W. M. Davidson | St. Louis, MO | 08/10/2005
(5 out of 5 stars)

"On Guided by Voices' "Propeller" album, Robert Pollard sang, "we conjure ghosts." On "Vampire on Titus" he actually does. Melodies materialize out of ominous white noise, shamble about for a few seconds, then dissipate again. "Vampire"'s structure is similar to "Bee Thousand" and "Alien Lanes," but it is weirder, darker, and less accessible. That is its strength though; as another reviewer said, even after hundreds of listens, this album still has the power to surprise, perplex, and disturb.



The other GBV albums mentioned above are better starting points for the band's lo-fi era, but you may find yourself, as I have, coming back to the shadowy "Vampire on Titus" most often.

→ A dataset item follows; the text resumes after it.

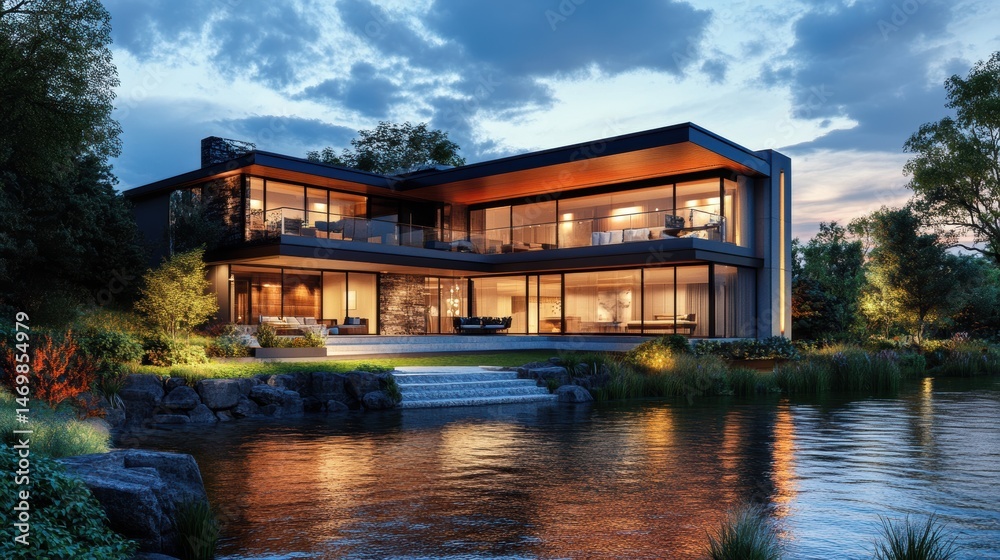 3d rendering of modern house by the river house, luxury, villa, modern, architecture, building, exterior, residential, property, designer 3d rendering of modern house by the river house, luxury, villa, modern, architecture, building, exterior, residential, property, designer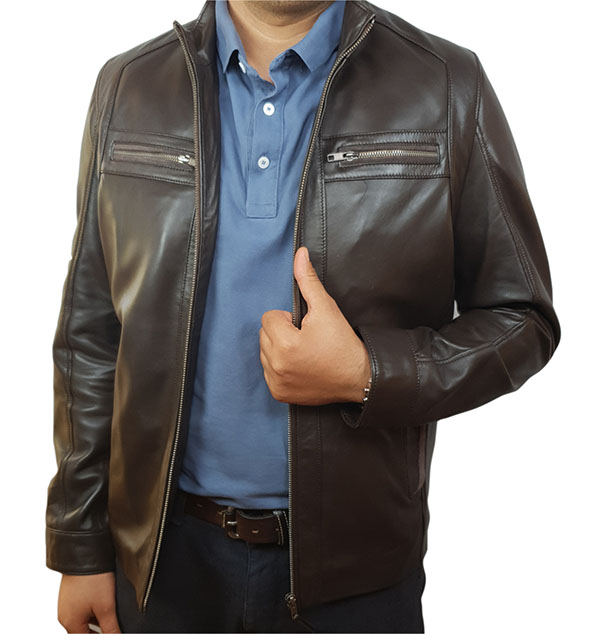 Blouson cuir agneau marron foncé – Image 2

To Bob (and Tobin) be the glory."
The Beginning of It All
judascat | Cambridge, MA United States | 02/24/2002
(4 out of 5 stars)

"Looking at the history of Guided by Voices, Vampire on Titus was the first in a string of four albums to really capture the sound that the GBV purist has been after ever since. Most of us outside the Dayton, Ohio rock scene didn't discover the band until 1993's Bee Thousand, an album which was an incredible blend of uplifting songs that were instantly catchy but fleetingly brief. Vampire on Titus is a much darker album than the three that would follow (Propeller, Bee Thousand and Alien Lanes) and it's brilliance is often overlooked. I consider it to be much like the Stones' Beggars Banquet, an album that was the start of a string of albums that captured a sound that marked the band's high point. Although Beggars Banquet is considered by some to be the Stones finest, the same cannot be said of GBV's Vampire on Titus. I would never recommend a newcomer begin with Vampire on Titus, but instead listen to it after digesting Propeller, Bee Thousand and Alien Lanes. There are some gems here, to be sure!!"
Flowing-just like the days of early GBV
S. R Robertson | Oh Henry? | 04/13/2001
(5 out of 5 stars)

"GBV has always been a sailor into the depths of confused and hallucinatory imagery melted down into its spectral essence, and Vampire On Titus represents the earliest stages of their 'unstable journey'. About half of the tracks have the worst sound production they've ever recorded, but also posess some of the most coherent and intellectual lyrics ("Dusted", "Wished I Was A Giant", "Unstable Journey", etc). Meantime, the rest have the trademark lofi medium, shifting between beautiful ballads of melancholy august ("Gleemer", "Jar Of Cardinals", "Wondering Boy Poet") and creppy lapses into nightmarish lost thought ("E-5", "What About It?", "#2 In The Model Home Series", etc). This album is also the shortest of their albums, but that hardly means a thing in their universe...say Fertile Jim, shall we contemplate existence?"